On July 7, 2021

National study adds heat to local bird conservation efforts

By Emma Cotton/VTDigger

Local conservationists say they aren’t surprised by a new report from the U.S. Fish and Wildlife Service that lists 269 species of birds that need more protection.

The report, called Birds of Conservation Concern, lists species in the United States that aren’t considered federally endangered or threatened, but whose populations are declining.

“It reinforces what we mostly already knew,” said David Mears, executive director of Audubon Vermont and vice president of the National Audubon Society.

Birds that Vermonters commonly see in their backyards could soon edge into the “extinction zone of risk, which we want to stay well clear of,” Mears said.

Several species listed in the report are already considered threatened or endangered in Vermont, but not at the federal level. Vermont conservationists have already succeeded in boosting the populations of previously endangered birds, such as the peregrine falcon, the common loon and the bald eagle.

Among the species listed in the report are the eastern whip-poor-will, wood thrush and veery, which all live in lowland forests; the upland sandpiper, bobolink and eastern meadowlark, all grassland birds; the golden-winged and blue-winged warblers, which live in shrublands; and the chimney swift, which lives in developed areas.

Mears said Vermont has an unexpectedly strong population of golden-winged warblers, whose populations are declining across the Northeast.

“That’s just kind of interesting, that there’s ways in which Vermont’s responsibility is beyond our own borders,” he said. “These are birds that go everywhere, and in some ways, our ability to protect habitat for them is a way of providing a service to the broader globe.”

Data for the report comes from both national literature and observations from birders, and it breaks the country into numbered regions with similar habitat — Vermont is part of both the Lower Great Lakes/St. Lawrence Plain and the Northern Atlantic Forest.

A 2019 study from the Cornell Lab of Ornithology shows that wild bird populations in the United States and Canada have decreased almost 30% in the last 40 years. Climate change could cause the extinction of two-thirds of North American species by the end of the century, according to a 2019 Audubon study.

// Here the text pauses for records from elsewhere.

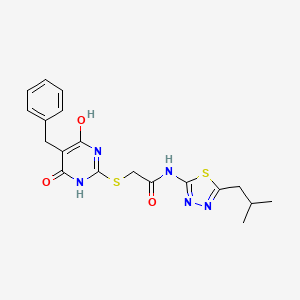 molecular formula C19H21N5O3S2 B4774997 2-[(5-benzyl-4-hydroxy-6-oxo-1,6-dihydro-2-pyrimidinyl)thio]-N-(5-isobutyl-1,3,4-thiadiazol-2-yl)acetamide 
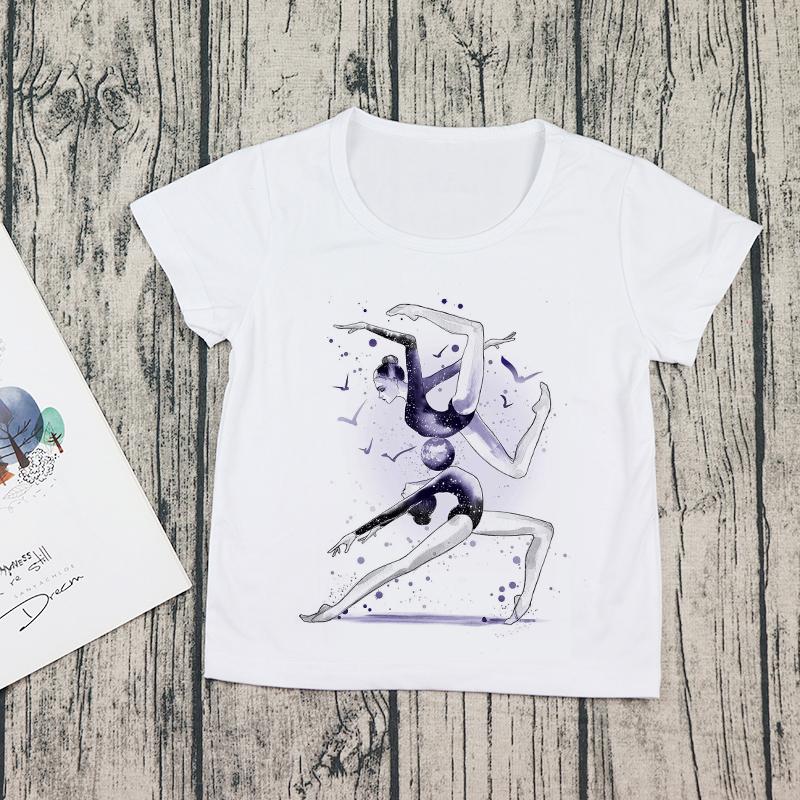Letní akvarel Baletní tanečnice Tisk Dívka Bílé tričko Gymnastika Tanec Dětské tričko Dětské tričko pro volný čas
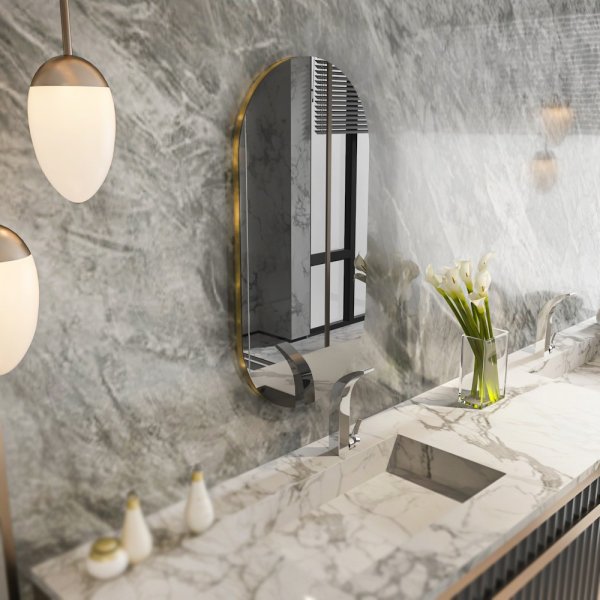 Rior\\\'s spiegel - Donkergrijs/goud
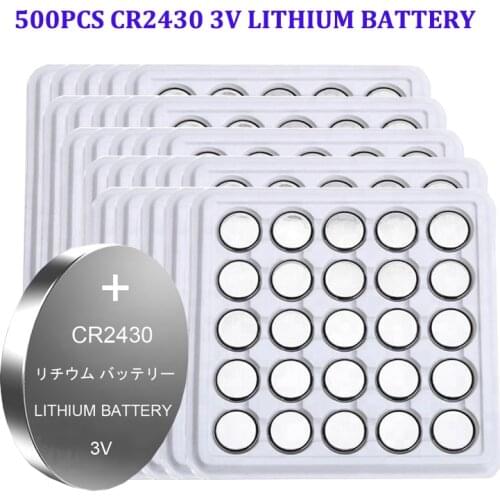 500pcs Button Battery CR2430 3V Electronic Lithium Coin Cell Batteries DL2430 BR2430 ECR2430 KL2430 EE6229 Watch Toy Headphone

Another, published in 2017, shows a 14% decline in Vermont’s forest birds over a 25-year period.

Mears and Chris Rimmer, executive director of the Vermont Center for Ecostudies, say conservation efforts in the state focus on both individual species and broader habitat preservation.

Vermont recently removed bald eagles from its endangered species list, for example. The success comes from a combination of targeted efforts to reduce their exposure to harmful pesticides, and big-picture efforts to preserve their habitat — and, by extension, the habitat of other creatures.

In some ways, the collective scope of declining bird populations carries the same symbolism as a single canary in a coal mine, Mears said. Birds need insects, pollinators, grasslands and forests to breed and thrive. Stressed bird populations often show early warning signs of other environmental problems, including climate change.

Climate change is likely to stress populations of sensitive species, like the Bicknell’s thrush, which nests only in the high elevations of New York, Vermont, New Hampshire, Maine and some parts of Canada. Rimmer, who has conducted extensive research on the species, said data already shows that hardwood forests are beginning to “march upslope,” slowly migrating to higher elevations.

“Some of these models show that, if we continue on some of the predicted trajectories, Bicknell’s thrush and some other birds are going to potentially disappear from all but the really high mountains, like Mount Washington,” Rimmer said. Mount Washington, at 6,288 feet, is nearly 2,000 feet taller than Mount Mansfield, Vermont’s highest peak at 4,393 feet.

By T.B. Ryder
A banded Bicknell’s thrush from one of Rimmer’s studies.

The report notes that its underlying philosophy “is that proactive bird conservation is critical at a time when continued human impacts will be intensified by effects of a changing climate.”

According to the report, conservation efforts that protect species are more cost-effective than efforts to bring species back once they’re officially listed as endangered or threatened. Rimmer says many of the conservation efforts mounted by the Vermont Center for Ecostudies are volunteer-based.

“You could never do it on your own,” he said. “We could never hire enough field technicians to go out and do what all these wonderful, trained, passionate community scientists do.”

Mears hopes the broad interest in birds — which gained traction during the pandemic — might help more regular folks get involved with conservation efforts.

“As people who care about birds see this very tangible impact — the fear of not being able to see indigo buntings, or scarlet tanagers, or losing really common birds like wood thrushes — it really begins to affect the way Vermonters look at and think about these issues,” Mears said. “Realizing that the solutions that benefit wood thrushes also benefit us directly starts to pull in this broader community of public interest.”